Memorial Day 2025

by Rachel Bohlmann, American History Librarian and Curator

Martin Luther King, Jr., John C Bennett, Henry Steele Commager, Abraham Joshua Heschel, and Reinhold Niebuhr. Speak on the War in Vietnam. New York: Clergy and Laymen Concerned About Vietnam, 1967.

To commemorate Memorial Day 2025, Rare Books and Special Collections highlights an anti-war booklet published in 1967 by Clergy and Laymen Concerned About Vietnam (CALCAV). 

CALCAV formed at the end of 1965 for clergy and laity from three mainline American religious traditions—Protestant, Catholic, and Jewish—to work ecumenically to express dissent from the US government’s policy in Vietnam and, eventually, in other conflicts around the world. On April 4, 1967 CALCAV organized a mass meeting at the interdenominational Riverside Church in New York City. The Rev. Dr. Martin Luther King, Jr., who had just accepted the co-chairmanship of CALCAV, gave one of his most important statements against the war in this speech, “Beyond Vietnam.” He was joined by other well-known clergy and public intellectuals, including the historian Henry Steele Commager and Rabbi Dr. Abraham Heschel of the Jewish Theological Seminary of America. Three thousand people attended the event. 

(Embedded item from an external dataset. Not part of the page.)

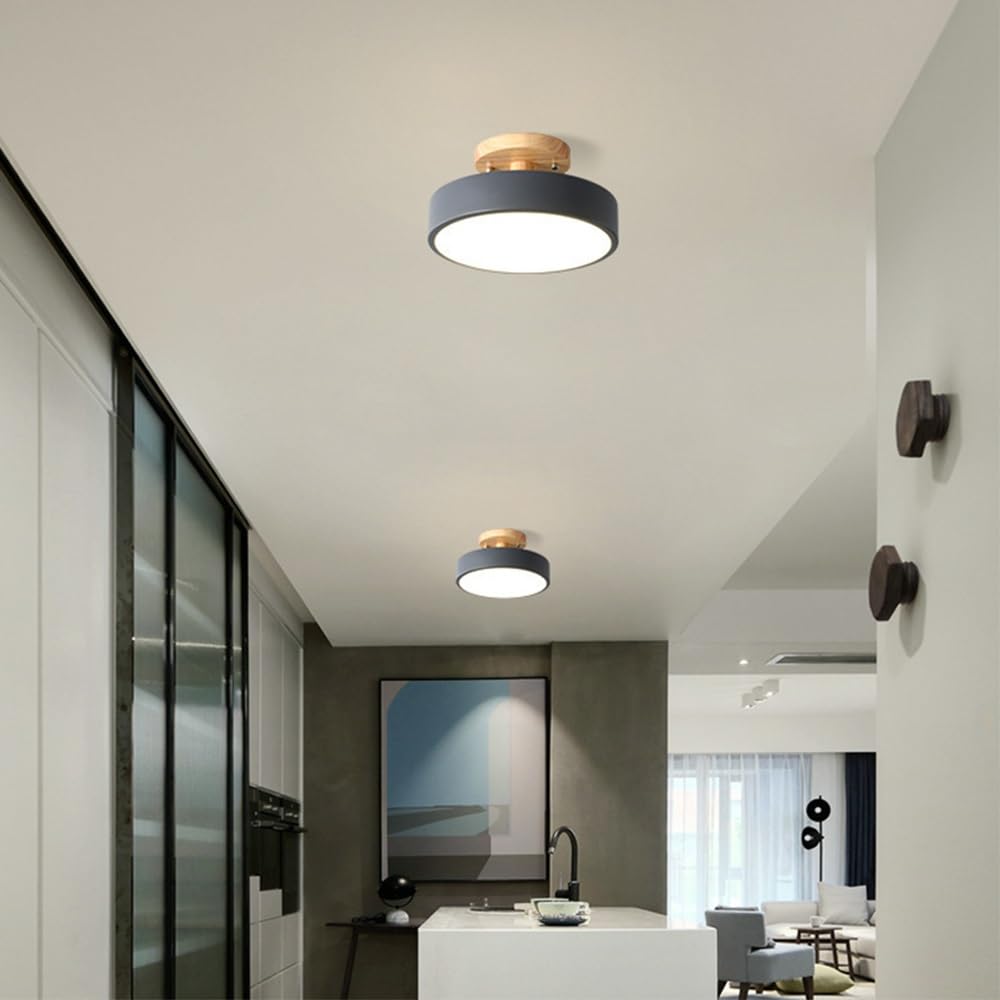 Lampa sufitowa LED z akrylowym kloszem, drewniana oprawa sufitowa do montażu podtynkowego, 4000K, okrągła oprawa oświetleniowa do sypialni, pralni, przedpokoju(Gray,30cm | 11.8")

Wanting to capitalize on King’s new role in the organization and public attention from the Riverside Church program, CALCAV quickly published 100,000 copies of this 31-page booklet. In the introduction, CALCAV declared “We feel that a time comes when silence is betrayal. That time has come for us in relation to Vietnam.” In the booklet, the organization included the four addresses given at that program as well as a speech King had made a few months earlier in Los Angeles, “The Casualties of the War in Vietnam.”

To underscore the group’s seriousness and broad cultural reach, CALCAV invited the public intellectual, theologian, and Union Theological Seminary professor, Reinhold Niebuhr to write the foreword to the publication. In it, the pastor and ethicist observed that although some Americans regarded US involvement in Vietnam as part of the nation’s international responsibility, Niebuhr argued that America in Vietnam was “an example of the ‘illusion of American omnipotence.'” He also defended King’s position of nonviolent resistance to evil, calling it “a real contribution to our civil, moral and political life.”

CALCAV used its publication to defend King from criticism. His anti-war stance had attracted censure from both allies in the civil rights movement and critics in the mainstream press. Just two days after the Riverside Church meeting the New York Times attacked the minister’s position in an editorial (April 7, 1967). CALCAV included a Q&A section at the end of the booklet in which they invited King’s fellow speakers to respond to the New York Times. Commager, Herschel, and John C. Bennett, President of Union Theological Seminar and the fourth speaker, challenged the Times‘ assessment of King by asserting emphatically, “Dr. King was not in error when he said: ‘The bombs in Vietnam explode at home; they destroy the dream and possibility for a decent America.'”


A happy Memorial Day to you and yours
from all of us in Notre Dame’s Special Collections!